Material provided:
*-*-*

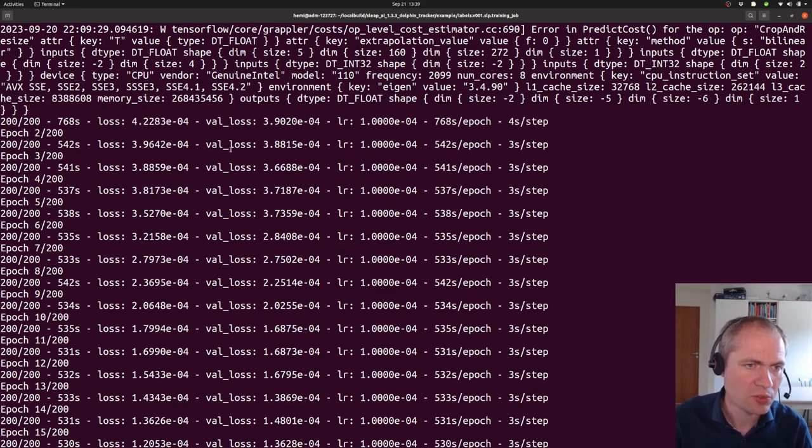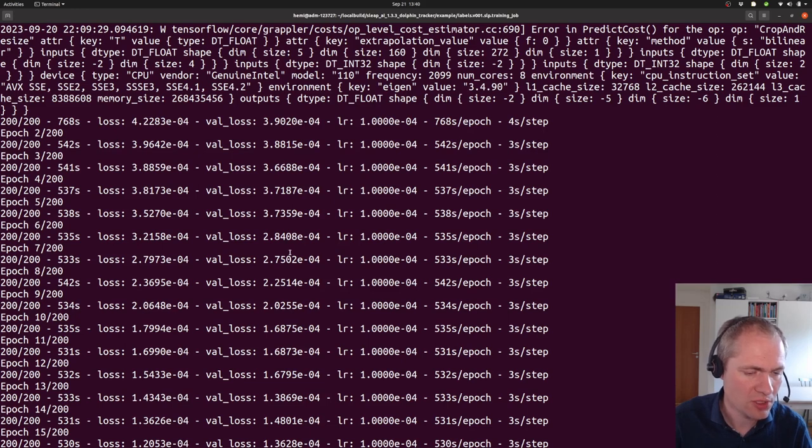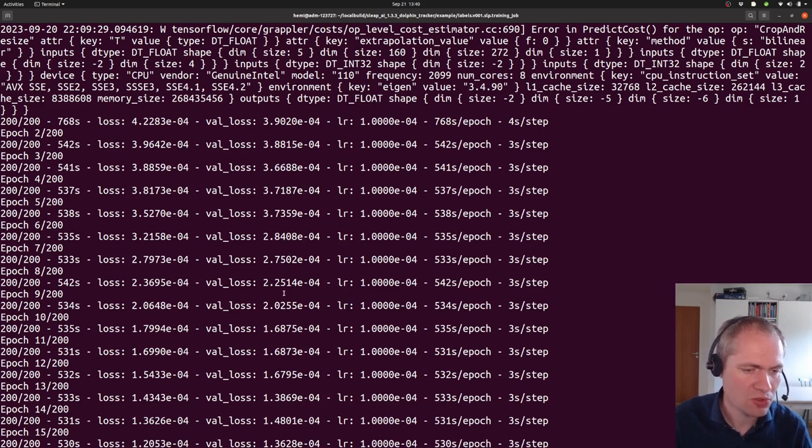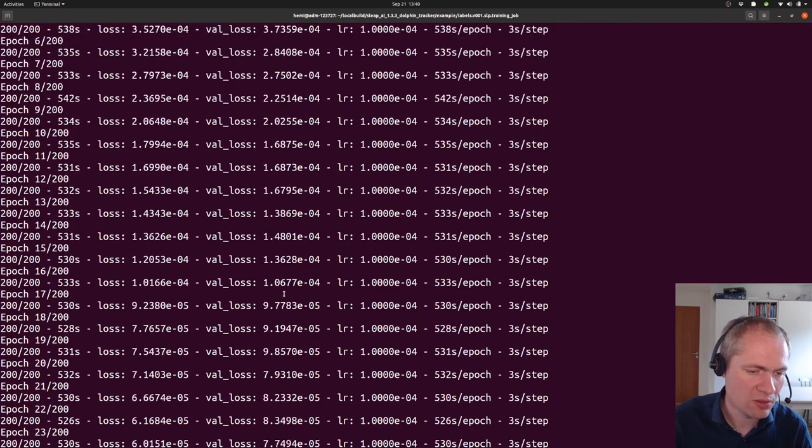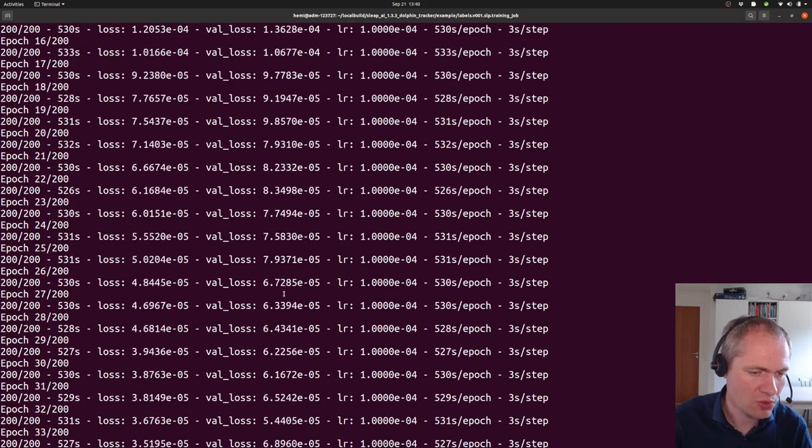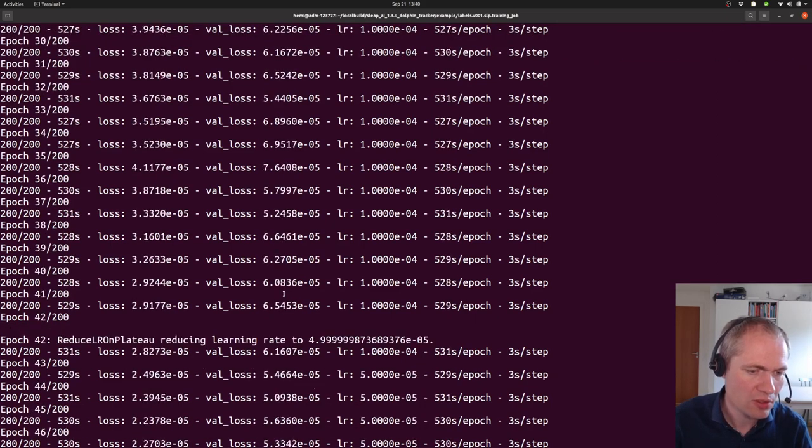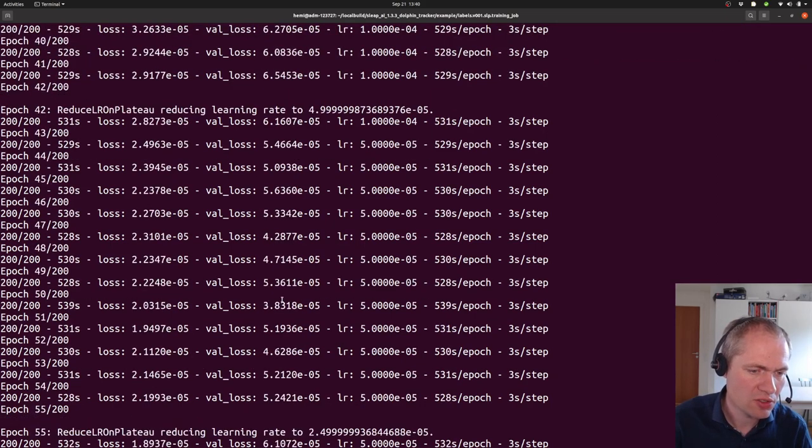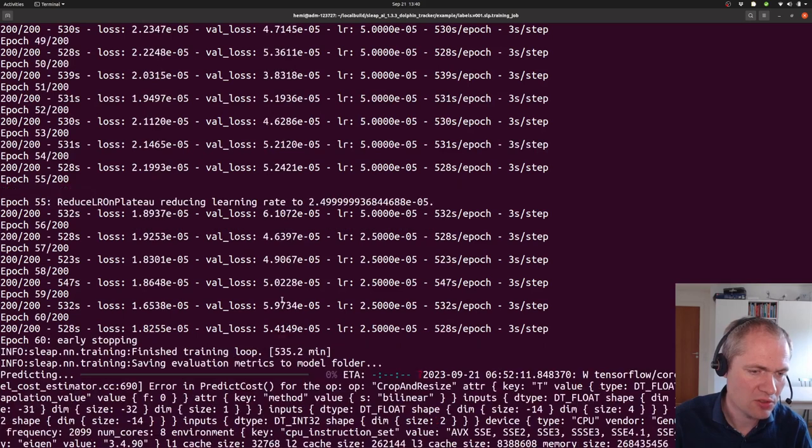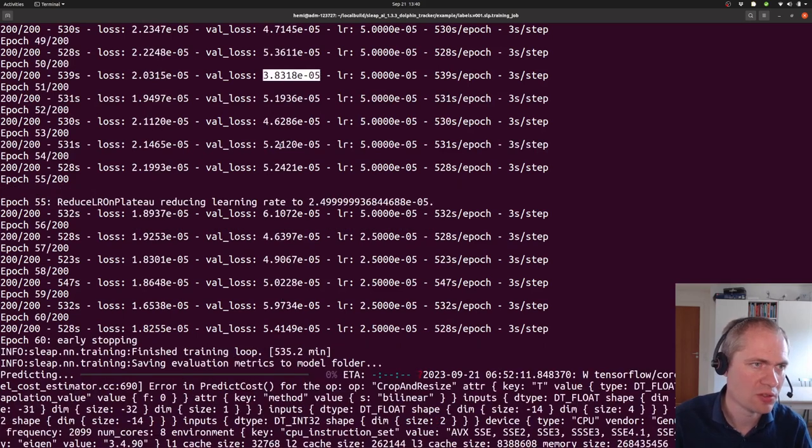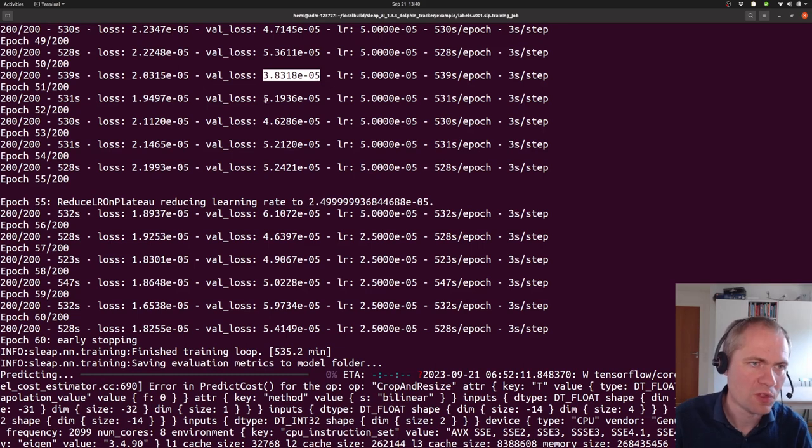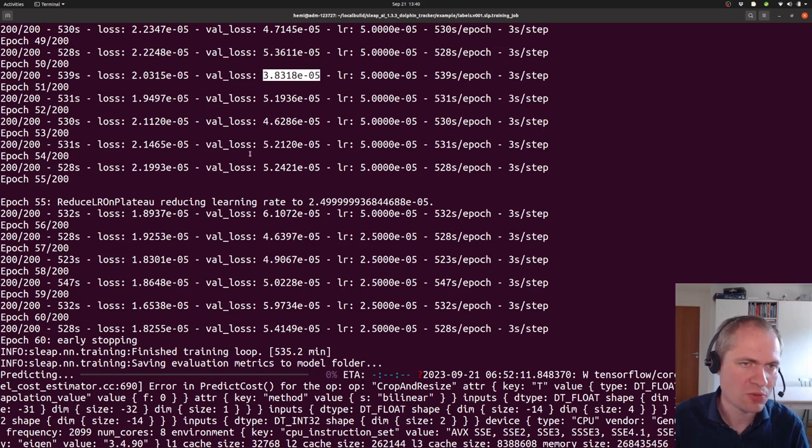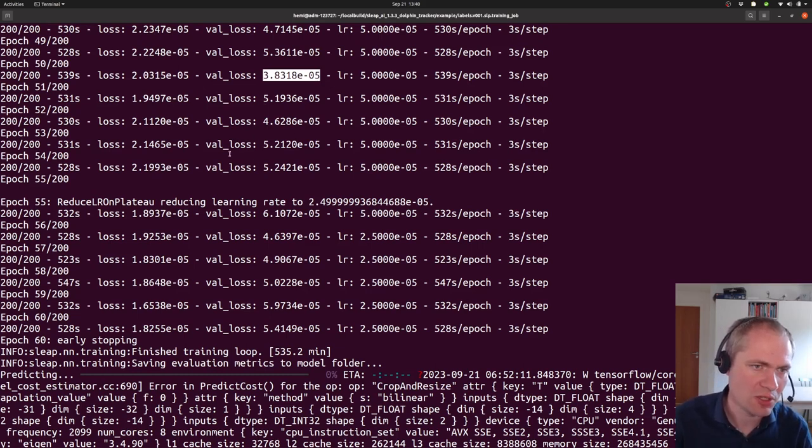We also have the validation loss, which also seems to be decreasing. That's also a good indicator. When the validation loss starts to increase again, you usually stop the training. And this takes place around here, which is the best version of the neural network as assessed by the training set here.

*-*-*

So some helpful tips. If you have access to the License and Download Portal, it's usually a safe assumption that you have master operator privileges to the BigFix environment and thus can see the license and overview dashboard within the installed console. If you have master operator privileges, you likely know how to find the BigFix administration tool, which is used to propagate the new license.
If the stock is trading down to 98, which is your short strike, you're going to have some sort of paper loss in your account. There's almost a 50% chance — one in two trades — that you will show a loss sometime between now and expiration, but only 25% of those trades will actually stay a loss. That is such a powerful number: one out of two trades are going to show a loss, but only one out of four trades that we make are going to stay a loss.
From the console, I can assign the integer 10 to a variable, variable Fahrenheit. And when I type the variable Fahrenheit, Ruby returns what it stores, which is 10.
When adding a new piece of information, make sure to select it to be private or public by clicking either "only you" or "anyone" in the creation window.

*-*-*

Exercise description:
Out of the records above, pull the lines that include the word "console".

Result:
So some helpful tips. If you have access to the License and Download Portal, it's usually a safe assumption that you have master operator privileges to the BigFix environment and thus can see the license and overview dashboard within the installed console. If you have master operator privileges, you likely know how to find the BigFix administration tool, which is used to propagate the new license.
From the console, I can assign the integer 10 to a variable, variable Fahrenheit. And when I type the variable Fahrenheit, Ruby returns what it stores, which is 10.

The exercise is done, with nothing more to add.